- **What the task asks**
Below is a listing. Write out exactly its lines between the one holding "6/169 Oakleigh Road, Carnegie" and the one holding "Lafayette, LA 70508", inclusive.

- **Extracted records**
-- Opening Marker --
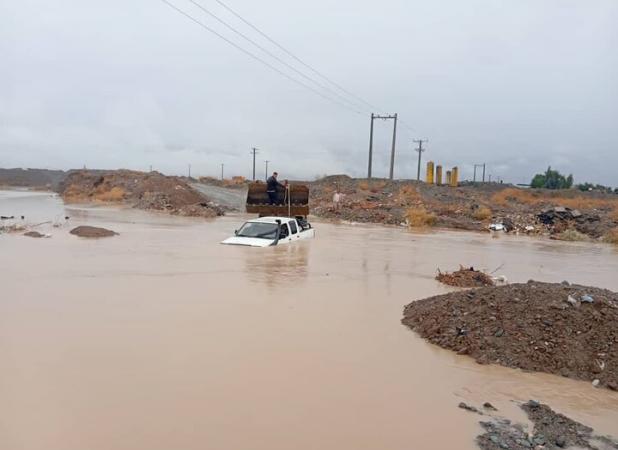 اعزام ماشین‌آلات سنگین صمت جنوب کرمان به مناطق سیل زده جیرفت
-- Closing Marker --
-- Opening Marker --
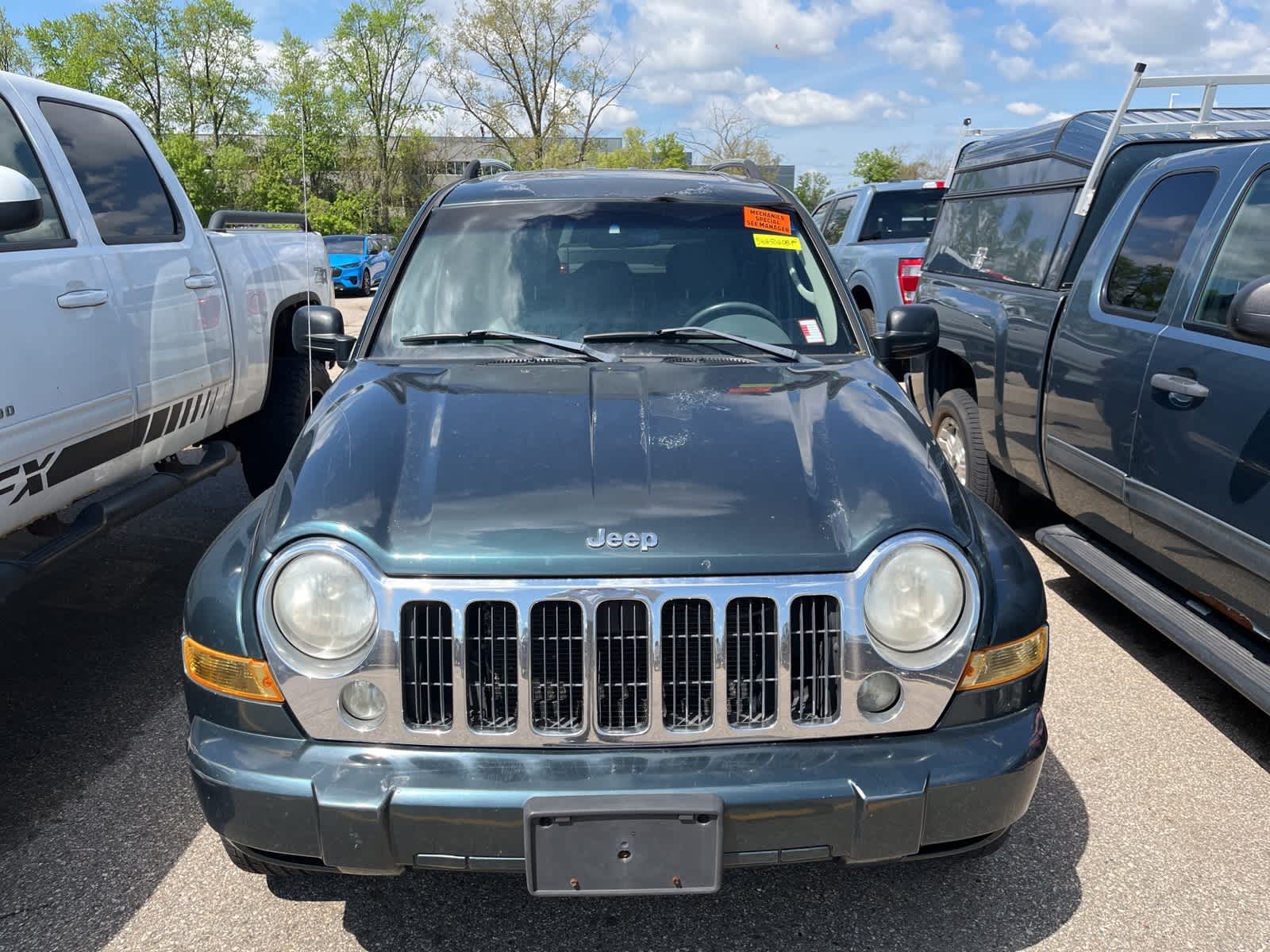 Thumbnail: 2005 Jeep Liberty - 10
-- Closing Marker --
-- Opening Marker --
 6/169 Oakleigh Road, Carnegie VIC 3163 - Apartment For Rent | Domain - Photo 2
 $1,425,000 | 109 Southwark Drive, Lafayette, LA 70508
-- Closing Marker --
- **Output of the exercise**
 6/169 Oakleigh Road, Carnegie VIC 3163 - Apartment For Rent | Domain - Photo 2
 $1,425,000 | 109 Southwark Drive, Lafayette, LA 70508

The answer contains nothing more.